Using the aforementioned thoughts above as a backdrop, I’ve come to appreciate this comic book…or graphic novel, if you want to be prude. And I find that the story (for me at least) is more about the dichotomy between Batman and Joker: what is their relationship, if any?

Batman trying to reason with the Joker -- If such a thing can be done!

Alan Moore gives a new spin on Batman, as more of a confused psychological examiner: he just doesn’t get why the Joker is what he is. Batman even goes as far as to proclaim at the beginning of the comic, “[To Joker] we’re going to kill each other, aren’t we?” The foreshadowing of the end events of a story is something that Alan Moore doesn’t shy away from. And some of the more shocking scenes really land with the weight of a Dinosaur. I won’t spoil anything (mind you this comic is almost as old as I am) but let’s just say you really see the type of conviction, as an officer of the law and human being, that Commissioner Gordon has.

As Joker (having been captured by Batman; subsequently breaking free) is putting his plans in motion, we are shown flash back’s to a supposed earlier time: when Joker, wasn’t the Joker. All the events that precede Joker becoming a psychopath happen in the span of just one day, “just one bad day” the Joker exclaims in some of the later stages of the book. Interjected is even a depiction of Joker donning the “Red Hood” persona that was introduced early in the Batman canon.

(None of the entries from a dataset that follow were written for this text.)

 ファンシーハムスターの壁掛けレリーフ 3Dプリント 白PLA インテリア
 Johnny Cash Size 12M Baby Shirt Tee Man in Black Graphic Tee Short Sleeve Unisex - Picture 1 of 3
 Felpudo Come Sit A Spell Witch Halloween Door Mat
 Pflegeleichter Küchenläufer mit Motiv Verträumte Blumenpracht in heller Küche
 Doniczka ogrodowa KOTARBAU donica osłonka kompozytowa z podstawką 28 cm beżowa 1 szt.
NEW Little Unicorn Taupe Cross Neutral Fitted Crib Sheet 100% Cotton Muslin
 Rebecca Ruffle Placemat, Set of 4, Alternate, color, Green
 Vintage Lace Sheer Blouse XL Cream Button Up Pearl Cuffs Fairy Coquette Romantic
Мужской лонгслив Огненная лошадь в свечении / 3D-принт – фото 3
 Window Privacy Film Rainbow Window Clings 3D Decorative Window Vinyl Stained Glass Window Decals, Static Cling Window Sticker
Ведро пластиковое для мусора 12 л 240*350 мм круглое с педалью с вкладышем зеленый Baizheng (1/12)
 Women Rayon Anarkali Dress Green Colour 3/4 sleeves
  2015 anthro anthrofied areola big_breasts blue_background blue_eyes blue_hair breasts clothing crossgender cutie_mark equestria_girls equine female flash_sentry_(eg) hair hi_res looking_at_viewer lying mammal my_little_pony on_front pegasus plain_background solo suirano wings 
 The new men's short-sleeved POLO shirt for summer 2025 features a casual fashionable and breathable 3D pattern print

One can really see that Chris Nolan drew on inspiration from the Killing Joke in the Dark Knight. As in both film and comic Joker tries to test the limits of human will, and wants to see if all people are capable of snapping. 

Not to be left out is Brian Bolland’s fantastic art style; which I’ll admit at first I wasn’t really vibing on. But it grew on me. People just look real. I know that seems like an odd statement, but Batman looks how he should and Joker intern as he should. It just looks like their classic depictions. Batman’s face is almost always obscured by shadows, and Jokers gaunt and ghostly face, have become the iconic visual styles for each character even to this day. I read the Deluxe re-print that had been colored by Brian Bolland himself (John Higgins did the coloring in the original print) and the overall milieu is at times haunting, as is the case in the Joker’s flash backs. These flashbacks feature minimalistic color, yet still speak volumes and enhance the story.

I will close on these thoughts. That I’m personally a fan of the “ambiguous ending” that is featured in movies, TV, games, etc.  And the Killing Joker is no different. We, as an audience, are left the question, “What did Batman do?” and we have to ask ourselves if we would do the same? Could you hold back?